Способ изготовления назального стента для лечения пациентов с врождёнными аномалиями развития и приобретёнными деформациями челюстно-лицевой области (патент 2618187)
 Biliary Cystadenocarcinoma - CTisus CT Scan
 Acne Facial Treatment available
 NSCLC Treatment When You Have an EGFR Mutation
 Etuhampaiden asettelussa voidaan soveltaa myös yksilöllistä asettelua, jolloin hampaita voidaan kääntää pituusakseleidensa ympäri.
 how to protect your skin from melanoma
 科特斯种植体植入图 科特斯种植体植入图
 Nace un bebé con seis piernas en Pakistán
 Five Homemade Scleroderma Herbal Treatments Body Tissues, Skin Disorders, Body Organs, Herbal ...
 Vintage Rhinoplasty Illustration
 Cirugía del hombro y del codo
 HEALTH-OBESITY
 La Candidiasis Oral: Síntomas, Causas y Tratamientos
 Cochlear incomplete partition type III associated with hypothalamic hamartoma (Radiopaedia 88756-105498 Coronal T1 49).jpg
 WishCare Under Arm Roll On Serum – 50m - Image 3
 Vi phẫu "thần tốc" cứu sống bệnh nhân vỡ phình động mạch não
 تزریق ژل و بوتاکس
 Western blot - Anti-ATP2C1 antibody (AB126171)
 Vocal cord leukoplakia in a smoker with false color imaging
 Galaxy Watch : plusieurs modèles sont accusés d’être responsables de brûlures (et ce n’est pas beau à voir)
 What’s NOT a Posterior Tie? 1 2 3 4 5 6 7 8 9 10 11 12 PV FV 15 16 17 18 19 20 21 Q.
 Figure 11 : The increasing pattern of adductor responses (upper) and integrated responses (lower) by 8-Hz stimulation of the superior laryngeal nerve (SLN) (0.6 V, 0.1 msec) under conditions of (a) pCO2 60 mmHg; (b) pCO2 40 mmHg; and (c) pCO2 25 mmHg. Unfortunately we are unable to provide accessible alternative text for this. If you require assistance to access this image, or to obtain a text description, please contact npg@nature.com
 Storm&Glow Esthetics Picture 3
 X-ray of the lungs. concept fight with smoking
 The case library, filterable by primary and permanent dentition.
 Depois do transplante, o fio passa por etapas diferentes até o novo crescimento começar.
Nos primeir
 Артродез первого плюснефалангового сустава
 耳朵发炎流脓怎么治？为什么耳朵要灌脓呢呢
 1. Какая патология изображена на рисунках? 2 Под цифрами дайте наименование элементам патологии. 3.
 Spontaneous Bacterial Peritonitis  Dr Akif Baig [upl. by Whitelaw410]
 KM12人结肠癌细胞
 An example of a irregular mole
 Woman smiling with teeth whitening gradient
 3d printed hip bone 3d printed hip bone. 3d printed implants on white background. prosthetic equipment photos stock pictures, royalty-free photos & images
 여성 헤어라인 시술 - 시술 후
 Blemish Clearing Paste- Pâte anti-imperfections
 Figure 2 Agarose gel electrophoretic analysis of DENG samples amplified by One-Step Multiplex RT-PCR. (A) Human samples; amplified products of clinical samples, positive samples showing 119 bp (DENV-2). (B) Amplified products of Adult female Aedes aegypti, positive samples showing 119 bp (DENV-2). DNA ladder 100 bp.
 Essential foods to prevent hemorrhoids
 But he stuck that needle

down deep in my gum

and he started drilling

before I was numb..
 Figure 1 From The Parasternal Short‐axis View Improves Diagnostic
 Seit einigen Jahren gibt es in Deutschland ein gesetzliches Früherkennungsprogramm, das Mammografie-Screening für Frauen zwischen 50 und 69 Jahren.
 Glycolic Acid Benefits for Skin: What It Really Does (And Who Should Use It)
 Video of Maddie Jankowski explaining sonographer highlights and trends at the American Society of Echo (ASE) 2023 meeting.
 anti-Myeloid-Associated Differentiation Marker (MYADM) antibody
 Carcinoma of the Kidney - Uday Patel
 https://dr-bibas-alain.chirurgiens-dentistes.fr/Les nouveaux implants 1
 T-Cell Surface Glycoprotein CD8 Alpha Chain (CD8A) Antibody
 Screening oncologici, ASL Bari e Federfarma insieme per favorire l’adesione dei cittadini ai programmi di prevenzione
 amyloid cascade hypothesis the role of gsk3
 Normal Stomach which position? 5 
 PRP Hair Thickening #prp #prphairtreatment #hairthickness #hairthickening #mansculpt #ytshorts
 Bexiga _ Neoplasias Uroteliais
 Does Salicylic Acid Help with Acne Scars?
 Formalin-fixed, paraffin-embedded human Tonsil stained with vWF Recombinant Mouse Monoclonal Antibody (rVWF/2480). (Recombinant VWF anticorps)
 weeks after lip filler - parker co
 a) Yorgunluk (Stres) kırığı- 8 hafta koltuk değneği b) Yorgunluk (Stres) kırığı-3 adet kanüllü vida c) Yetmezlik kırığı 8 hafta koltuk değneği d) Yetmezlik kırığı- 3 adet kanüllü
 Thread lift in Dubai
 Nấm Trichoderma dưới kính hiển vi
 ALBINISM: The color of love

__PROMPT__:
Copy out all of the records verbatim.

__WRITTEN ANSWER__:
Способ изготовления назального стента для лечения пациентов с врождёнными аномалиями развития и приобретёнными деформациями челюстно-лицевой области (патент 2618187)
 Biliary Cystadenocarcinoma - CTisus CT Scan
 Acne Facial Treatment available
 NSCLC Treatment When You Have an EGFR Mutation
 Etuhampaiden asettelussa voidaan soveltaa myös yksilöllistä asettelua, jolloin hampaita voidaan kääntää pituusakseleidensa ympäri.
 how to protect your skin from melanoma
 科特斯种植体植入图 科特斯种植体植入图
 Nace un bebé con seis piernas en Pakistán
 Five Homemade Scleroderma Herbal Treatments Body Tissues, Skin Disorders, Body Organs, Herbal ...
 Vintage Rhinoplasty Illustration
 Cirugía del hombro y del codo
 HEALTH-OBESITY
 La Candidiasis Oral: Síntomas, Causas y Tratamientos
 Cochlear incomplete partition type III associated with hypothalamic hamartoma (Radiopaedia 88756-105498 Coronal T1 49).jpg
 WishCare Under Arm Roll On Serum – 50m - Image 3
 Vi phẫu "thần tốc" cứu sống bệnh nhân vỡ phình động mạch não
 تزریق ژل و بوتاکس
 Western blot - Anti-ATP2C1 antibody (AB126171)
 Vocal cord leukoplakia in a smoker with false color imaging
 Galaxy Watch : plusieurs modèles sont accusés d’être responsables de brûlures (et ce n’est pas beau à voir)
 What’s NOT a Posterior Tie? 1 2 3 4 5 6 7 8 9 10 11 12 PV FV 15 16 17 18 19 20 21 Q.
 Figure 11 : The increasing pattern of adductor responses (upper) and integrated responses (lower) by 8-Hz stimulation of the superior laryngeal nerve (SLN) (0.6 V, 0.1 msec) under conditions of (a) pCO2 60 mmHg; (b) pCO2 40 mmHg; and (c) pCO2 25 mmHg. Unfortunately we are unable to provide accessible alternative text for this. If you require assistance to access this image, or to obtain a text description, please contact npg@nature.com
 Storm&Glow Esthetics Picture 3
 X-ray of the lungs. concept fight with smoking
 The case library, filterable by primary and permanent dentition.
 Depois do transplante, o fio passa por etapas diferentes até o novo crescimento começar.
Nos primeir
 Артродез первого плюснефалангового сустава
 耳朵发炎流脓怎么治？为什么耳朵要灌脓呢呢
 1. Какая патология изображена на рисунках? 2 Под цифрами дайте наименование элементам патологии. 3.
 Spontaneous Bacterial Peritonitis  Dr Akif Baig [upl. by Whitelaw410]
 KM12人结肠癌细胞
 An example of a irregular mole
 Woman smiling with teeth whitening gradient
 3d printed hip bone 3d printed hip bone. 3d printed implants on white background. prosthetic equipment photos stock pictures, royalty-free photos & images
 여성 헤어라인 시술 - 시술 후
 Blemish Clearing Paste- Pâte anti-imperfections
 Figure 2 Agarose gel electrophoretic analysis of DENG samples amplified by One-Step Multiplex RT-PCR. (A) Human samples; amplified products of clinical samples, positive samples showing 119 bp (DENV-2). (B) Amplified products of Adult female Aedes aegypti, positive samples showing 119 bp (DENV-2). DNA ladder 100 bp.
 Essential foods to prevent hemorrhoids
 But he stuck that needle

down deep in my gum

and he started drilling

before I was numb..
 Figure 1 From The Parasternal Short‐axis View Improves Diagnostic
 Seit einigen Jahren gibt es in Deutschland ein gesetzliches Früherkennungsprogramm, das Mammografie-Screening für Frauen zwischen 50 und 69 Jahren.
 Glycolic Acid Benefits for Skin: What It Really Does (And Who Should Use It)
 Video of Maddie Jankowski explaining sonographer highlights and trends at the American Society of Echo (ASE) 2023 meeting.
 anti-Myeloid-Associated Differentiation Marker (MYADM) antibody
 Carcinoma of the Kidney - Uday Patel
 https://dr-bibas-alain.chirurgiens-dentistes.fr/Les nouveaux implants 1
 T-Cell Surface Glycoprotein CD8 Alpha Chain (CD8A) Antibody
 Screening oncologici, ASL Bari e Federfarma insieme per favorire l’adesione dei cittadini ai programmi di prevenzione
 amyloid cascade hypothesis the role of gsk3
 Normal Stomach which position? 5 
 PRP Hair Thickening #prp #prphairtreatment #hairthickness #hairthickening #mansculpt #ytshorts
 Bexiga _ Neoplasias Uroteliais
 Does Salicylic Acid Help with Acne Scars?
 Formalin-fixed, paraffin-embedded human Tonsil stained with vWF Recombinant Mouse Monoclonal Antibody (rVWF/2480). (Recombinant VWF anticorps)
 weeks after lip filler - parker co
 a) Yorgunluk (Stres) kırığı- 8 hafta koltuk değneği b) Yorgunluk (Stres) kırığı-3 adet kanüllü vida c) Yetmezlik kırığı 8 hafta koltuk değneği d) Yetmezlik kırığı- 3 adet kanüllü
 Thread lift in Dubai
 Nấm Trichoderma dưới kính hiển vi
 ALBINISM: The color of love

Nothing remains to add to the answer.